◆ WHAT THIS TASK INVOLVES
For this task, extract exactly the lines of the data below, from the line containing "Рекомендации экспертов по" through the last one, with pictures left out.

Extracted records
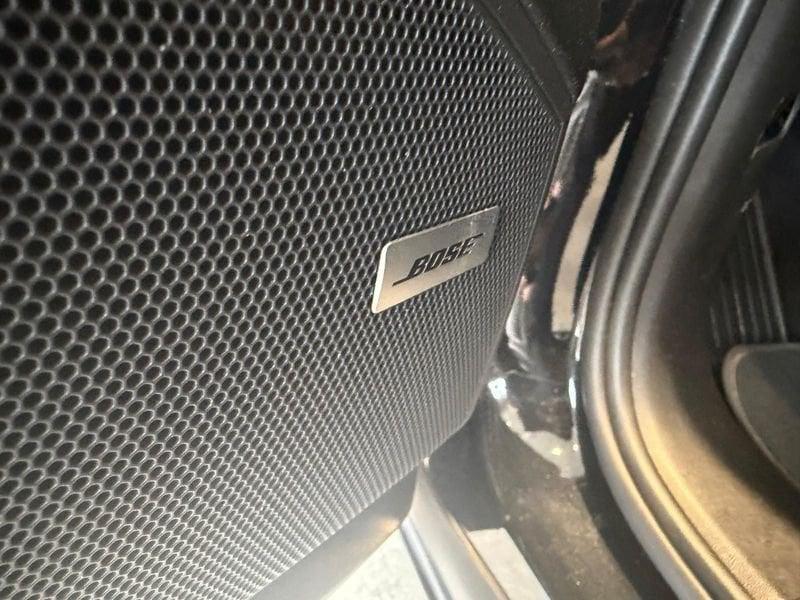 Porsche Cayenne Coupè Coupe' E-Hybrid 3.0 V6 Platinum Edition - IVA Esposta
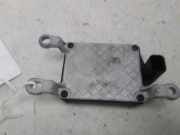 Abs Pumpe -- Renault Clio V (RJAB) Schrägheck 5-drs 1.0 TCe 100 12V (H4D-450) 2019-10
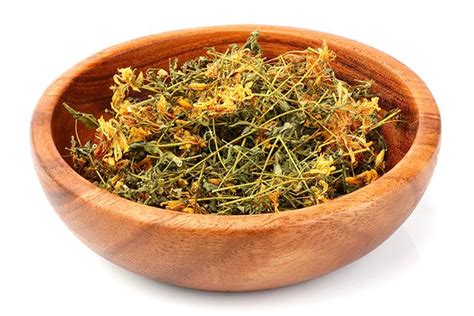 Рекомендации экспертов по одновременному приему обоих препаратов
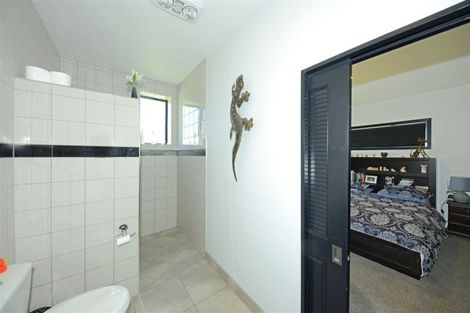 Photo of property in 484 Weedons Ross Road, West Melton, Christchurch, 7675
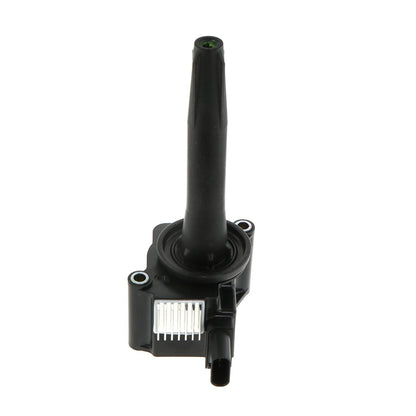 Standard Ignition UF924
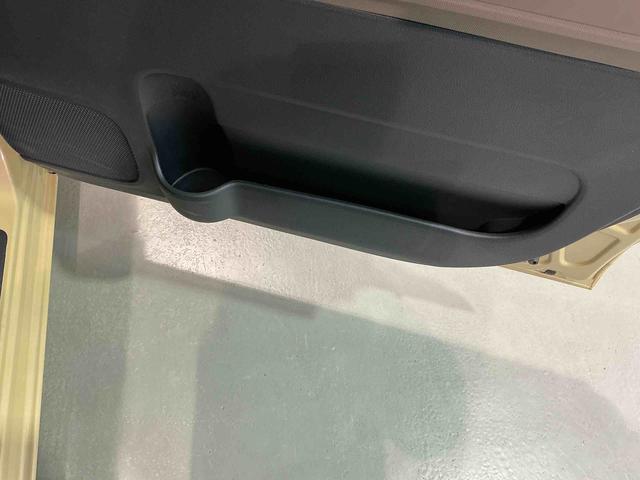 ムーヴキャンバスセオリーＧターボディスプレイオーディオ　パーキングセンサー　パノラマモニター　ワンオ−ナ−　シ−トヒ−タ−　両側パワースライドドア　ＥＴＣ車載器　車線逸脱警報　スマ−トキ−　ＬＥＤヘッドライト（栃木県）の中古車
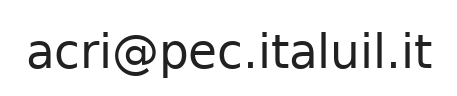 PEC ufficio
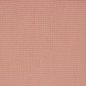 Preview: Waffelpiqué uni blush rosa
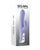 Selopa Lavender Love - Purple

◆ RESPONSE BELOW
 Рекомендации экспертов по одновременному приему обоих препаратов
 Photo of property in 484 Weedons Ross Road, West Melton, Christchurch, 7675
 Standard Ignition UF924
 ムーヴキャンバスセオリーＧターボディスプレイオーディオ　パーキングセンサー　パノラマモニター　ワンオ−ナ−　シ−トヒ−タ−　両側パワースライドドア　ＥＴＣ車載器　車線逸脱警報　スマ−トキ−　ＬＥＤヘッドライト（栃木県）の中古車
 PEC ufficio
 Preview: Waffelpiqué uni blush rosa
 Selopa Lavender Love - Purple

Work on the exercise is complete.